Energy, gas and water service providers are currently facing challenges similar to what telecommunications companies encountered several decades ago, ranging from the integration of the latest smart devices, the focus on improving the customer experience, giving relevance to every interaction, addressing requests in a timely manner, and giving customers the opportunity to view their consumption in real time.
Looking back on the evolution of telecommunications companies over the last 40 years, which involved both technological as well as cultural shifts—from the launch and subsequent widespread use of the Internet, to the introduction of smartphones—it has become clear that history has once again repeating itself, but this time in an entirely different business sector: the utilities market.
What we have labeled as a déjà vu for the utilities industry, initiated when its customers, already well aware of the advantages created through the use of technology use, began demanding a more evolved way of interacting with their utility service provider. This meant that users sought an experience geared towards speed, efficiency, autonomy and almost real-time information delivery, not to mention an excellent customer experience and high-quality service.
This customer-to-utility-service provider relationship can no longer be assumed to be “permanent” or “unique.” Today’s customers want to be able to use their mobile device to not only understand their energy, gas or water consumption activity at any time of the day, but to also have the ability to pay their bill on their cell phone with just a simple click of a button.
Competition is yet another aspect that has driven the evolution of the utility service sector. It’s quite common these days to find more than one service supplier in the same city or operating area eager to attract new customers. What has become evident is that customers may now easily change to a different supplier if they’re dissatisfied with the commercial conditions being offered or as a result of problems they may have experienced with the service. In fact, “energy brokers” have emerged into the scene in order to help users make the best possible decision about their utilities service supplier at any given moment.
The end-user has transformed into a more impulsive, technologically savvy and “unfaithful” customer, willing to challenge their utilities provider by asking tougher questions, such as: Has my consumption gone down? How much have I used? And, what is my usage balance right now? In light of these demands, utility service providers are expected to modify their technology platforms in order to continually create more appealing commercial offerings that will not only set them apart from competitors but also allow them to more rapidly adapt to the new demands of their customers, and support customer retention and loyalty processes.
A number of years ago, the telecommunications industry went through a similar scenario, where the need arose for companies to structure their commercial and operational processes around the satisfaction of their customer base. They achieved this by becoming aware of and subsequently monitoring their customers’ consumption. Revisiting the history of this industry, it used to be that their networks were based on impulse counting meters, a unit base proportional to service usage in terms of duration and distance.

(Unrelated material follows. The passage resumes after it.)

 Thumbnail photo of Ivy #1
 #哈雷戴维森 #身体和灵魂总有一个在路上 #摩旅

CDRs (i.e., call detail records) gradually entered the picture, which were stored and read every hour, which subsequently became detailed event logs that allowed certain services to be offered, such as long distance minute packages, pay-per- view movies and packaged plans.
For several years now the telecommunications industry has been incorporating prepaid plans and controlled-service billing, two strategies that emerged out of the need to prevent users from being charged amounts they’re unable to afford, which can end up causing financial losses for the companies involved. Nowadays, comparable approaches are being implemented by energy companies, who have devised the prepaid energy method, which functions similarly to how prepaid cell phones get refilled. Once the prepaid meter has been installed, the user may make an advance purchase of kilowatts, either through prepaid cards or remotely, whereby the quantity and cost of the refill may vary, depending on certain predefined customer variables.

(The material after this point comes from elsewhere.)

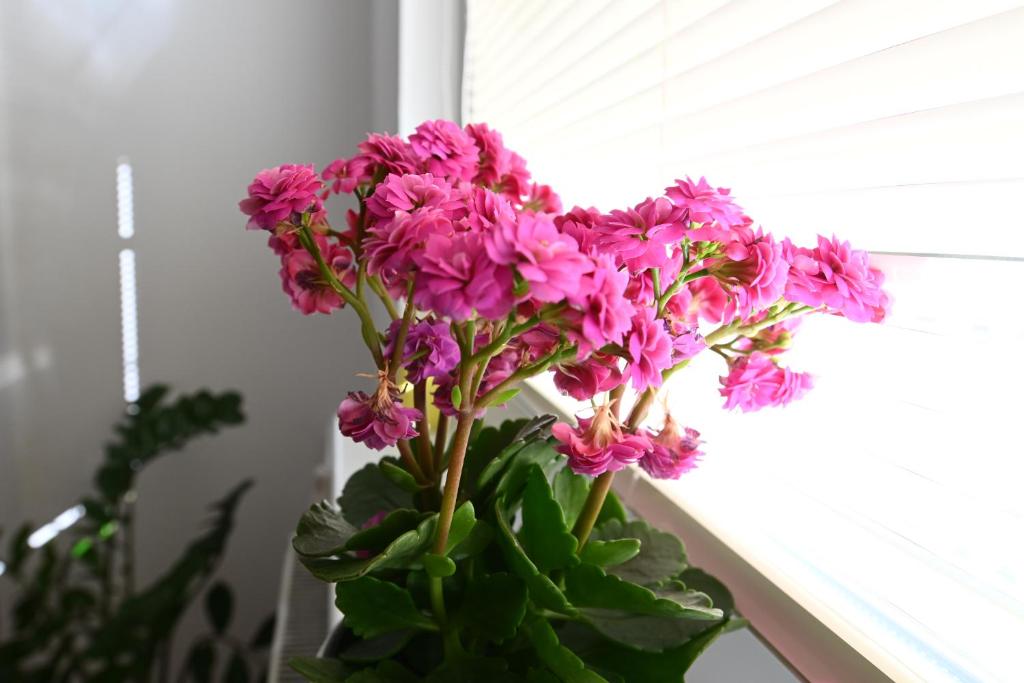 a vase filled with pink flowers in a window at Sowa Rigpa apartmán in Gerlachov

While it’s true that the concept of prepaid energy was initially tied to socioeconomic factors, it also reinforces a commitment to achieving total visibility and being able to monitor accounts in real time. According to figures presented in the “Pre- paid electricity plan and electricity consumption behavior“ study carried out by George Mason University, “customers can generally expect to see around 12% in savings by using a prepaid service.”
The experience of the telecommunications industry has shown that it is entirely possible to maximize the value of adopting the newest service, and reap the benefits of technology and intercommunication between customers, companies, the service being provided and its usage. Today, the utilities sector has begun to adapt to these trends and understand that every element, equipment, platform, household appliance or device has become a controllable information provider that can be used to generate useful information to the end user, even to the point where that same device is now able to initiate automated electric charging processes at key times during the day, or at night, when the energy rate is at its lowest levels.
In light of the challenges of the present day, if utilities companies as a whole are prepared to sufficiently examine, adapt and understand the experience demonstrated by the telecommunications industry, this will likely not only facilitate the proper implementation, but will also enable utilities companies to evolve at a rapid pace. Technology is not only shining light on the common patterns and behaviors that were once exclusive to each industry, it is also the key factor responsible for ensuring the successful evolution of companies and the satisfaction of their customers changing needs.